### Work instruction
The line with "English 19th Century" marks the start; please set it down along with all later lines through the end of the material, exactly, leaving out pictures.

* * * * *

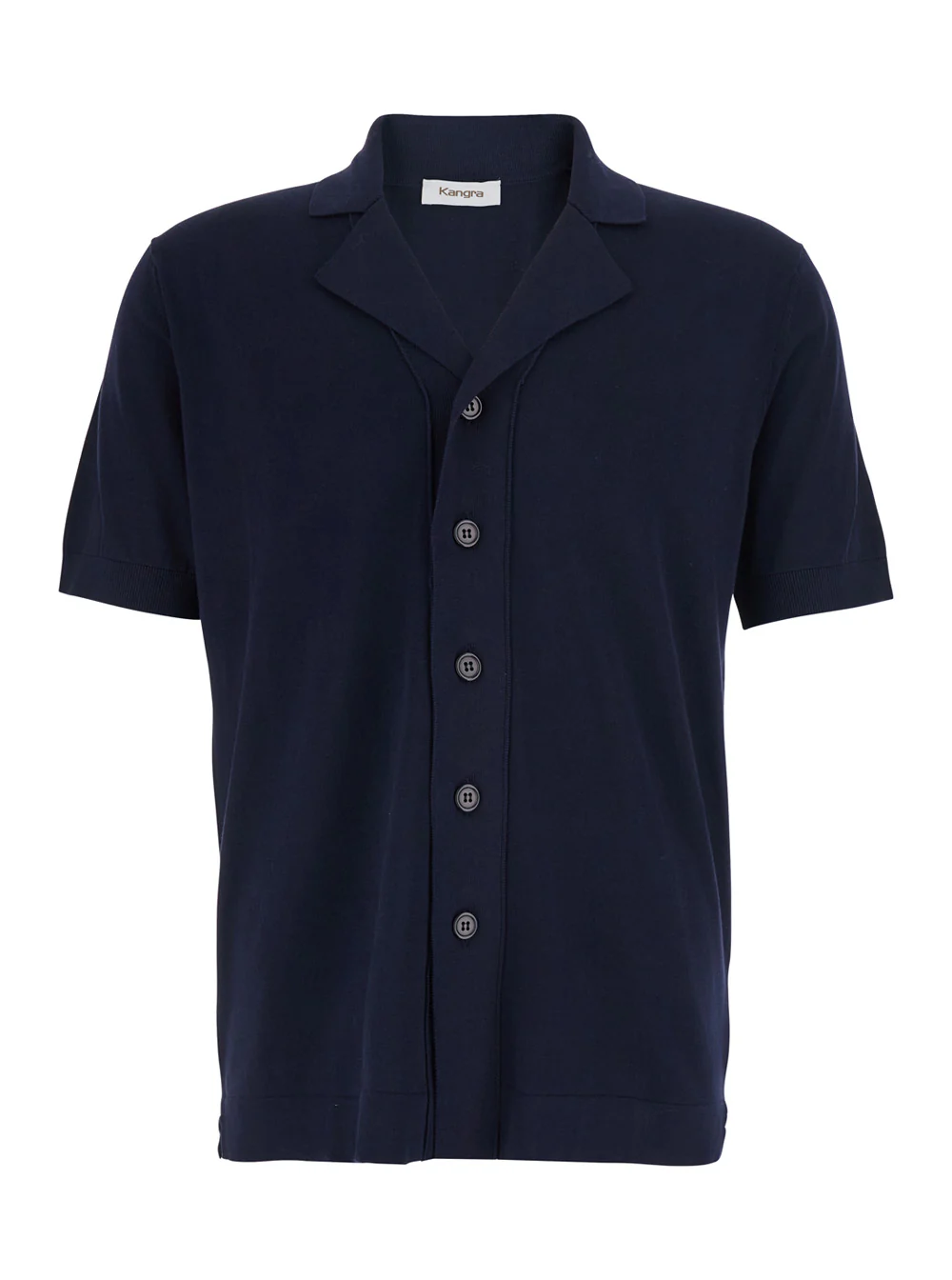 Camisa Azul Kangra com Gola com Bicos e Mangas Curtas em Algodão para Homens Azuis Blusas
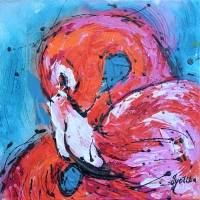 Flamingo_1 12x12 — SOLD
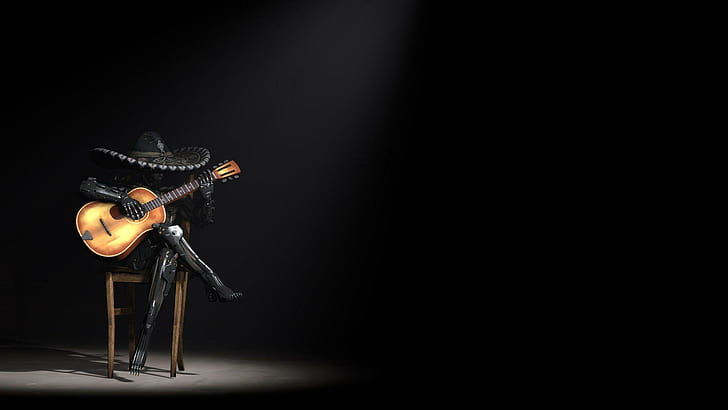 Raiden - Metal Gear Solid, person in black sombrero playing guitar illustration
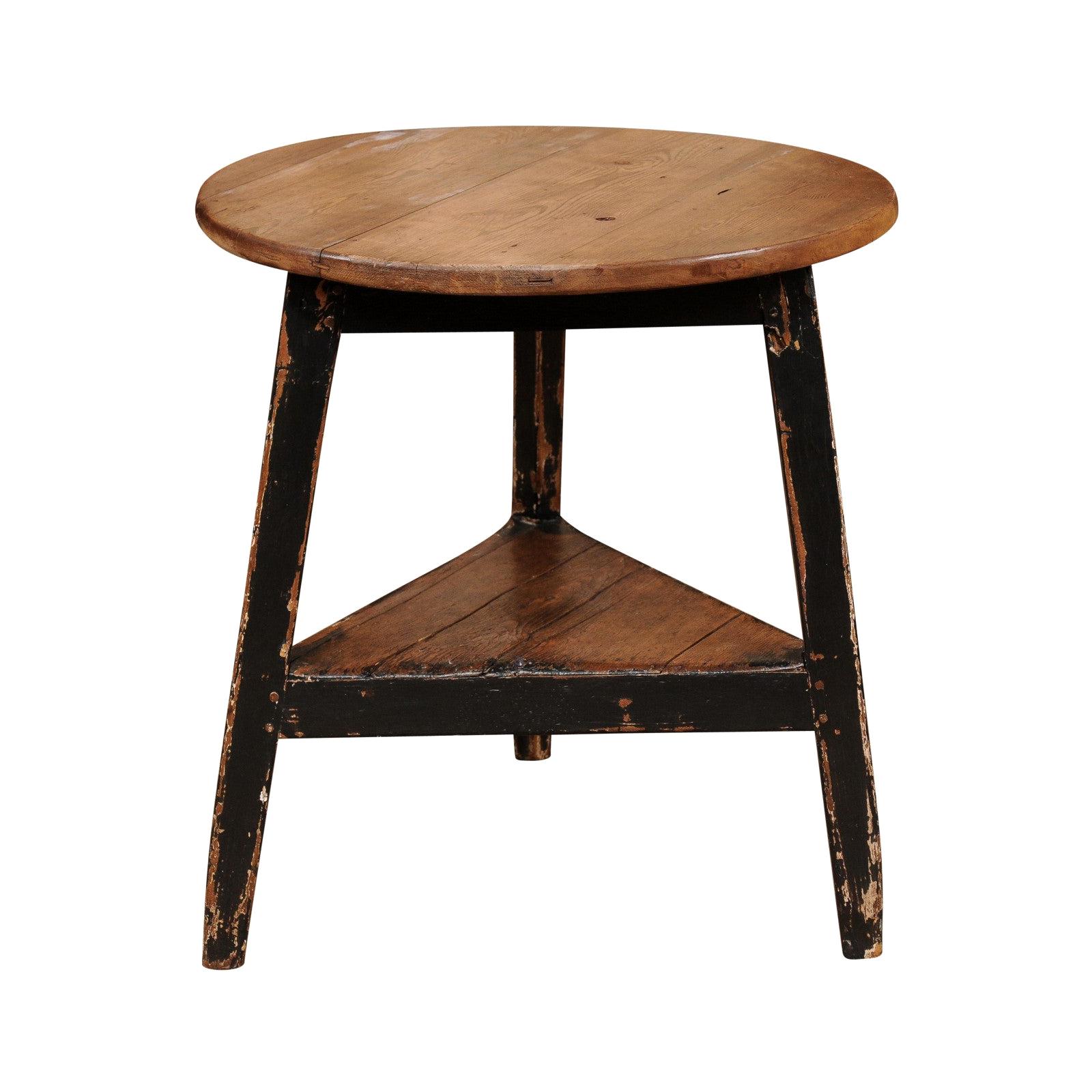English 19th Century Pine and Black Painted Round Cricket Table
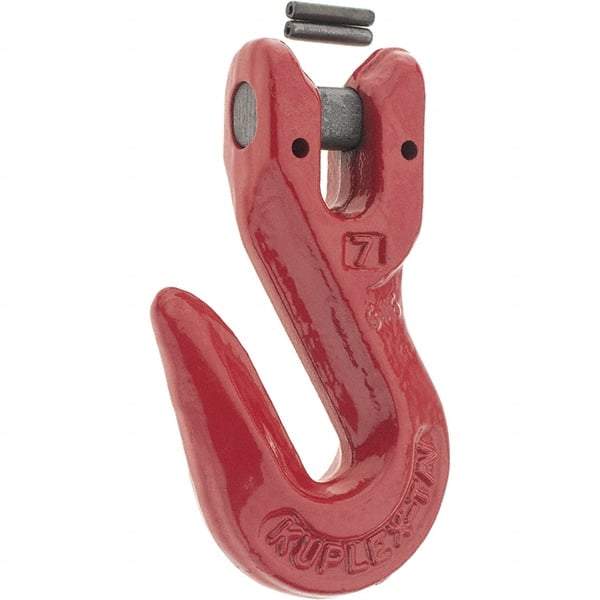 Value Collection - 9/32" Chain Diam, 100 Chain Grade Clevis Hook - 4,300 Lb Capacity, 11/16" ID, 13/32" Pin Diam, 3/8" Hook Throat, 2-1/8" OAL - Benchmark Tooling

* * * * *

### Solved problem
English 19th Century Pine and Black Painted Round Cricket Table
 Value Collection - 9/32" Chain Diam, 100 Chain Grade Clevis Hook - 4,300 Lb Capacity, 11/16" ID, 13/32" Pin Diam, 3/8" Hook Throat, 2-1/8" OAL - Benchmark Tooling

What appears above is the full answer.